Required action
Each line from the one holding "Daihatsu Materia - 1.5" through the final line of the data below is to be given again exactly, and no other line is to appear.

Data extract
= = = = =
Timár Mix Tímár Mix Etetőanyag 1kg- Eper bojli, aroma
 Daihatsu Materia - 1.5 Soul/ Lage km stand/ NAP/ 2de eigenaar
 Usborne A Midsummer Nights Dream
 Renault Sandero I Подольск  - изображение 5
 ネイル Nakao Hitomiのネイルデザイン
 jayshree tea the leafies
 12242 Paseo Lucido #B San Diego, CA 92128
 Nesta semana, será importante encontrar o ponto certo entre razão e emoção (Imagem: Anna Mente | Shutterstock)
= = = = =
Result for this task
 Daihatsu Materia - 1.5 Soul/ Lage km stand/ NAP/ 2de eigenaar
 Usborne A Midsummer Nights Dream
 Renault Sandero I Подольск  - изображение 5
 ネイル Nakao Hitomiのネイルデザイン
 jayshree tea the leafies
 12242 Paseo Lucido #B San Diego, CA 92128
 Nesta semana, será importante encontrar o ponto certo entre razão e emoção (Imagem: Anna Mente | Shutterstock)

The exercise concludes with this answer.